My goal is to prove the following statement;
$Y \in \{-1,1\}$ and $p(x) = P(Y=1|X=x)$. Let $z_+ = zI(z \ge 0)$. Then, show that the minimizer $\hat f$ of $E[(1-Yf(X))_+|X=x]$ satisfies $\text{sign}(\hat f) = \text{sign}(p(x) - 1/2)$ .
Let $f = f(x)$ and $p = p(x)$ for simplicity.
I tried to divide into 4 cases.
In the first case $1-f \ge 0$ and $ 1+f \ge 0$, $$E[(1-Yf)_+] = (1-f)p + (1+f)(1-p) = 1+(1-2p)f$$ When $1-2p \le 0$, I claimed that $f=1$ minimizes the expectation, and when $1-2p \ge 0$, $f = -1$ minimizes it.
(I'm not sure whether this approach is correct; it seems $f$ is regarded as constant, which is not guaranteed...)
Also, the second case $1-f \ge 0$ and $ 1+f \le 0$ shows $$E[(1-Yf)_+] = (1-f)p.$$ Based on my above approach, the expectation would be minimized when $f = -1$ regardless of the sign of $(p-1/2)$.
This seems strange, so I'm stuck on here...
In particular, I'm not sure how to use $z_+$ properly in this case.
Any help with respect to my problem would be appreciated.

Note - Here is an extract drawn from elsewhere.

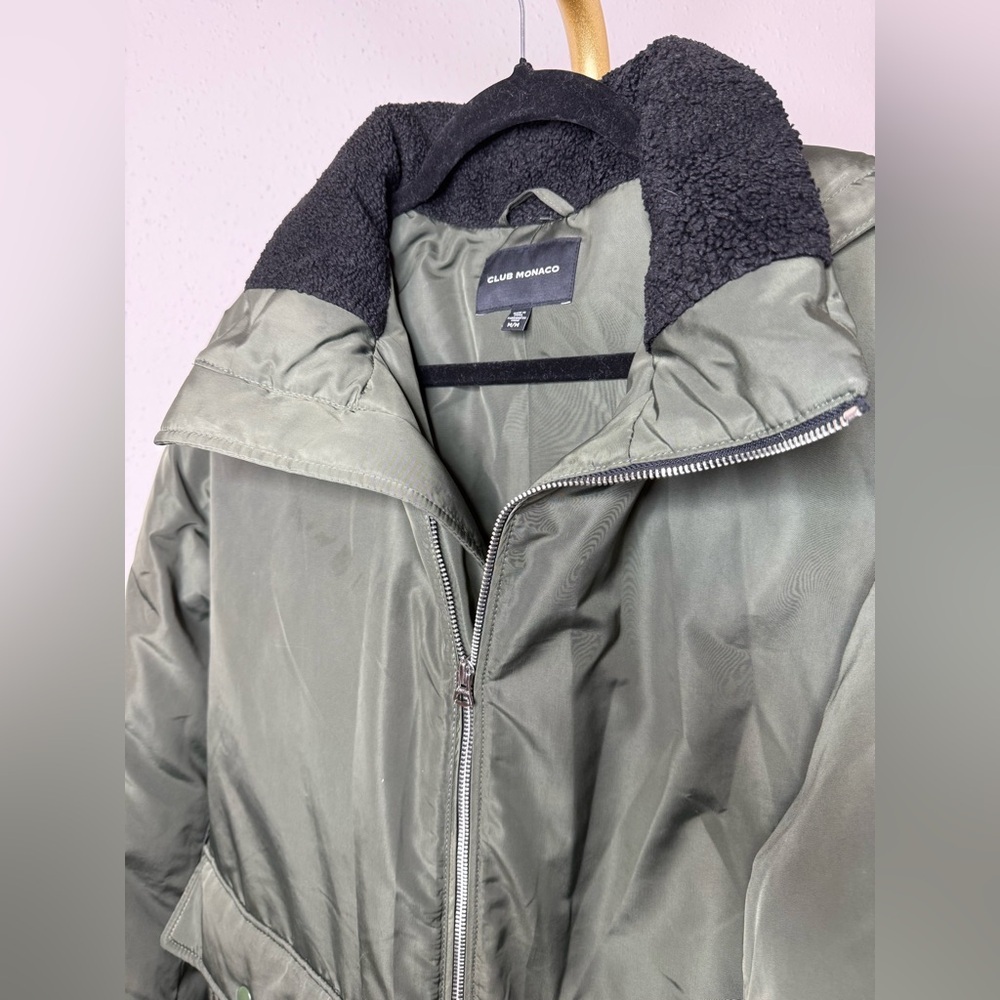 Club Monaco Hooded‎ Down Puffer Jacket - Picture 2 of 5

Thank you.
editted cont'd to the answer
I assumed you intended to show that when $f \ge 1$, $y = \text{sign}(f)$ leads to $1-Yf = 1-f \le 0$ and thus $(1-Yf)_+ = 0$, and $y=-\text{sign}(f)$ leads to $1-Yf \ge 2$.
Now, everything is clear, except for the wlog ones; $f \in [-1,1]$. How does the above fact make $f \in [-1,1]$ sense? I mean, what about the cases where $|f| = \infty$?